Summery: This will shock and frighten you beyond belief I guarantee it!

The Dementor

"Expecto…expecto…"

Harry Potter, his body languishing, tried in futile attempts to banish the dementors once more, but they swirled about him in an endless, black circle of sadness, draining him of his will and strength. Harry took one last look at his godfather, Sirius Black, lying unconscious and wounded on the ground; the man who he had only recently discovered was truly innocent.

One dementor broke away from the rest and hovered directly in front of Harry, considering him. Harry raised his wand one more time, but could barely make his mouth form the words. He dropped his wand, and collapsed to his knees with a sigh of loss. This was it – the end.

The dementor reached up, and pulled back its hood with its rotting hands, revealing the face of the soulless beast that was a dementor. Harry cried in horror and despair as he laid eyes upon the creature – long brown hair around its shoulders, fair skin, an open, smiling mouth, crinkled eyes, a crown on its head – and yet it didn't move, its features frozen like plastic. As a matter of fact, it was plastic!
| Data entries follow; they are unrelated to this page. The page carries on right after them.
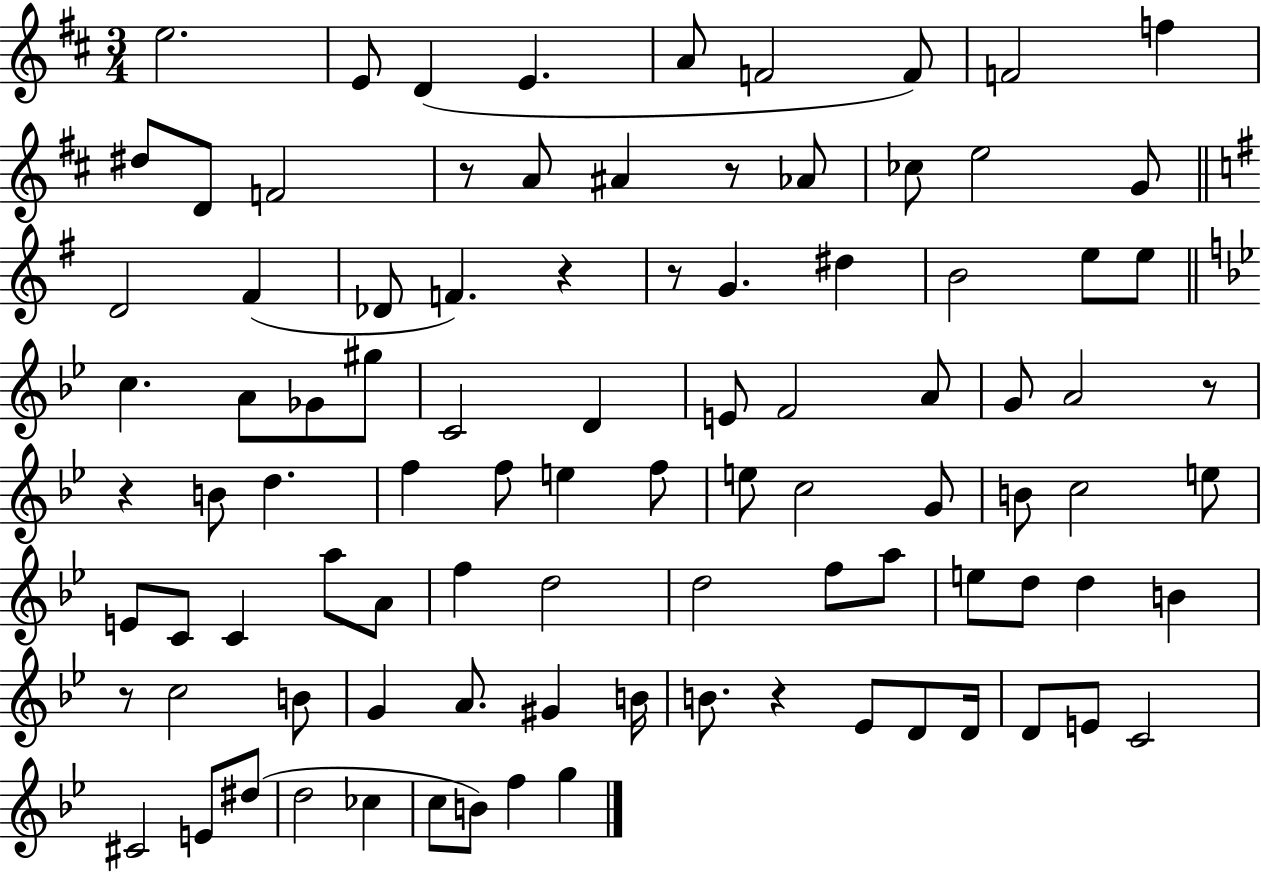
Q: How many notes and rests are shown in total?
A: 94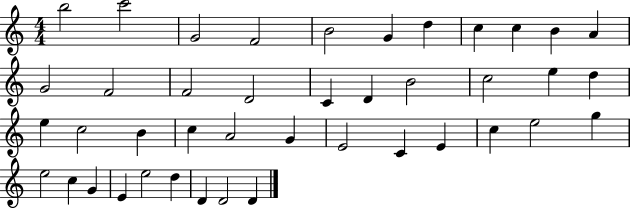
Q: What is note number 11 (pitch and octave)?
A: A4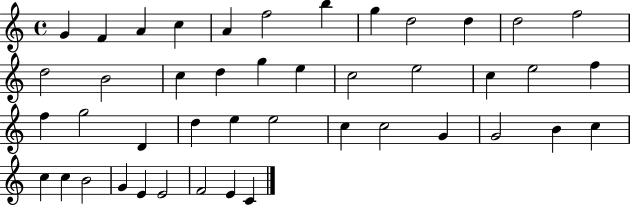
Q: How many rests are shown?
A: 0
Suddenly, the dementor's hands held out to Harry what he recognized to be a double BLT piled high with bacon and vegetables and with three hamburger patties smack in the middle.

"Up late. With the king."

And with those words the Burgerking logo took Harry's soul.

Author's Note: C'mon! Tell me that wasn't funny! That's king-person on the commercials is really freaky to me! I mean, he was in people's beds and outside their windows for crying out loud!